Scraped caption text data
============================================================

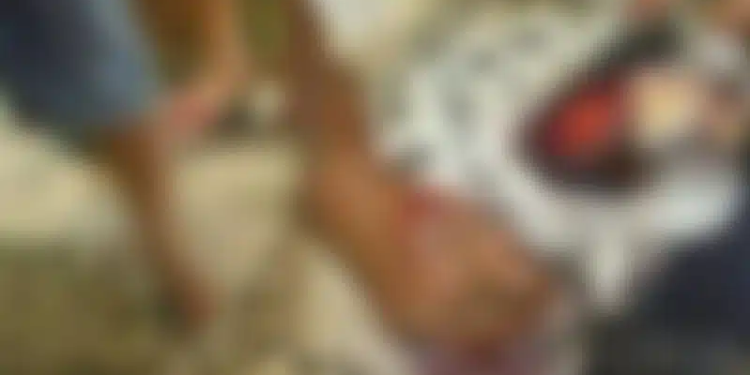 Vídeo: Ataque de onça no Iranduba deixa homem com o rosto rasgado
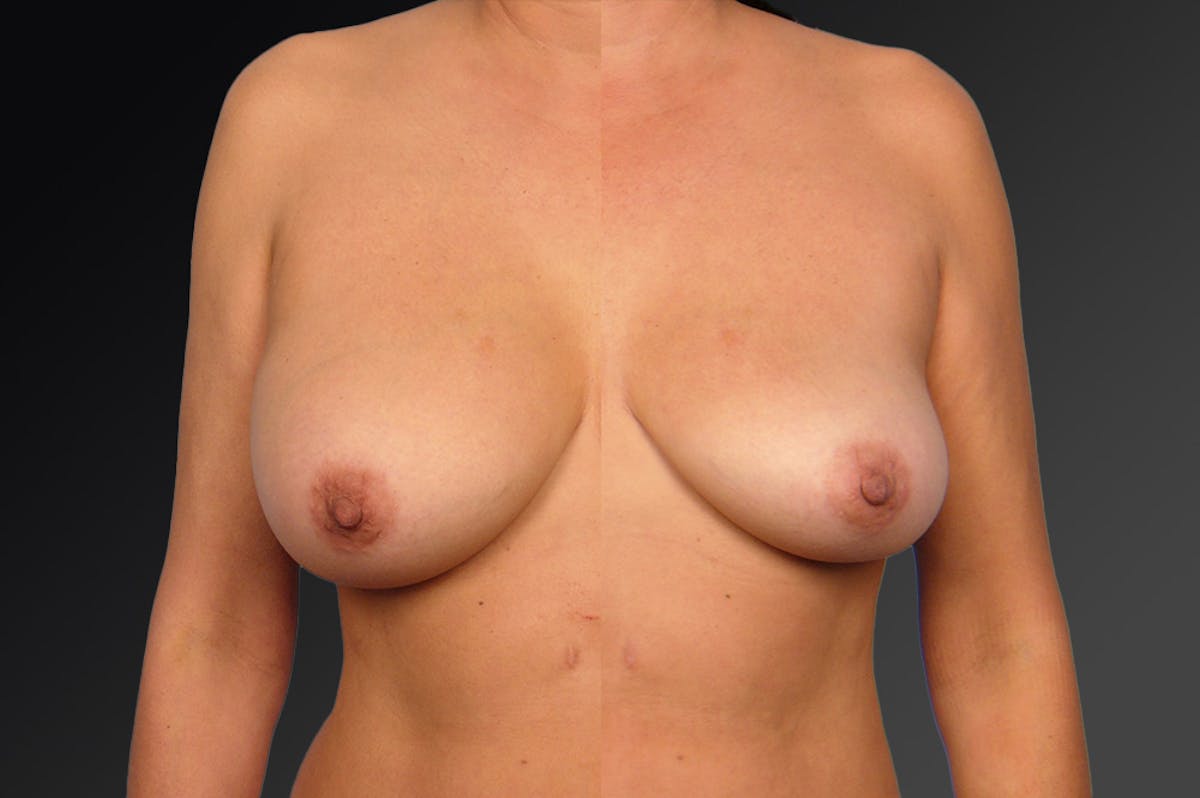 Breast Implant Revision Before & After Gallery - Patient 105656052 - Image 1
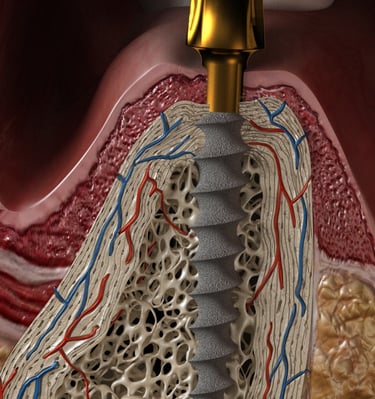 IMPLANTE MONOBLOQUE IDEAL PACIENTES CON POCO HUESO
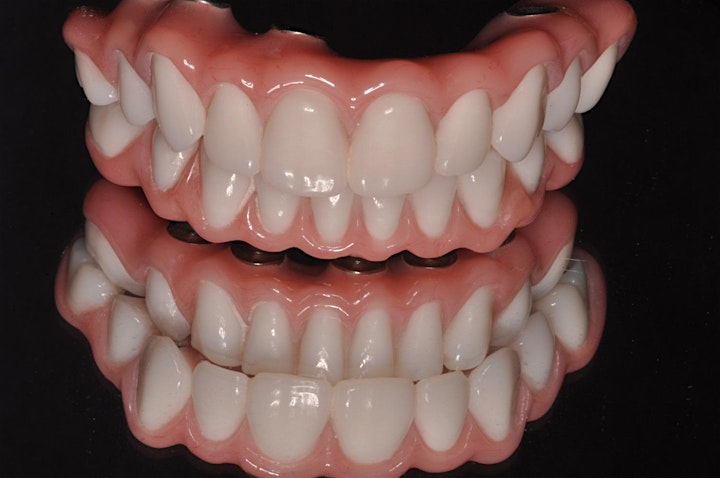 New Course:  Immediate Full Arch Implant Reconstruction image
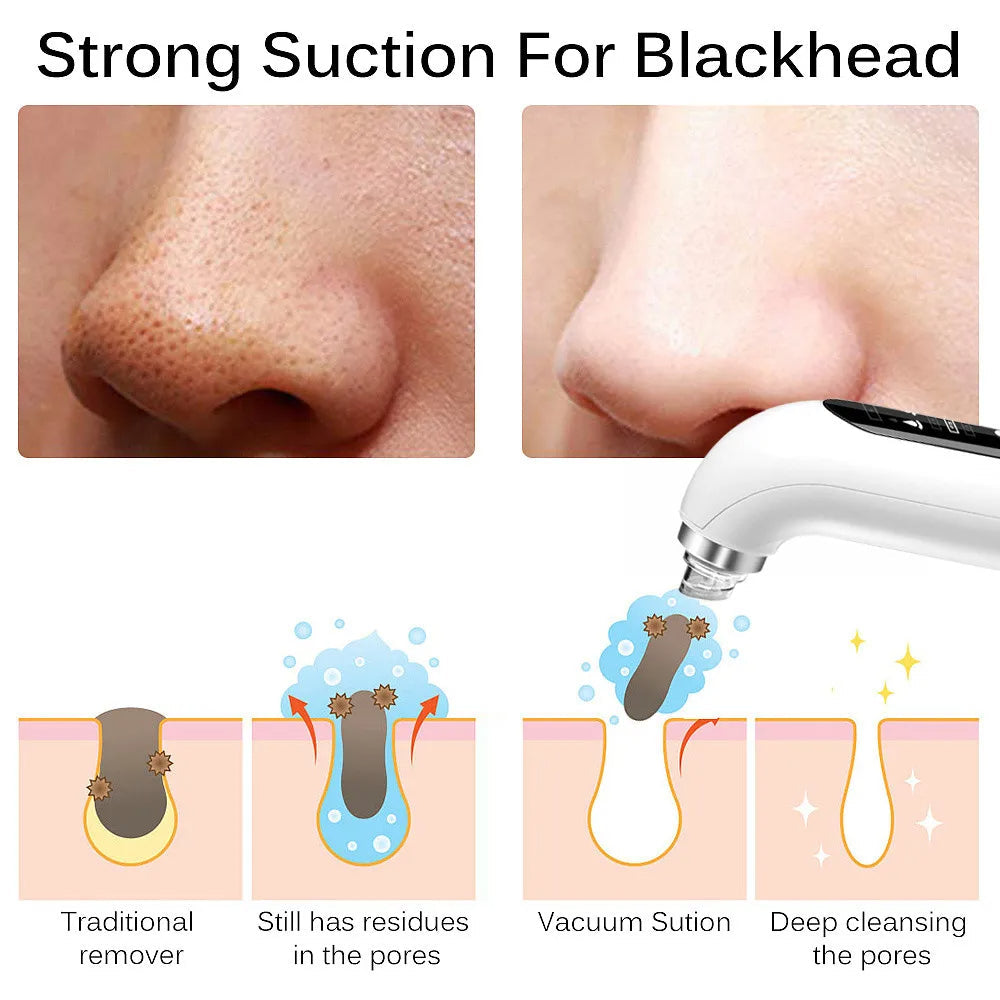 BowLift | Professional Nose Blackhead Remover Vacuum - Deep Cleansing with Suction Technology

============================================================

● **Required action**
Set down exactly and only the lines from the line that contains "IMPLANTE MONOBLOQUE IDEAL" through the last line of the entries above, with both of those lines included and the pictures left out.

● **Solution to this problem**
 IMPLANTE MONOBLOQUE IDEAL PACIENTES CON POCO HUESO
 New Course:  Immediate Full Arch Implant Reconstruction image
 BowLift | Professional Nose Blackhead Remover Vacuum - Deep Cleansing with Suction Technology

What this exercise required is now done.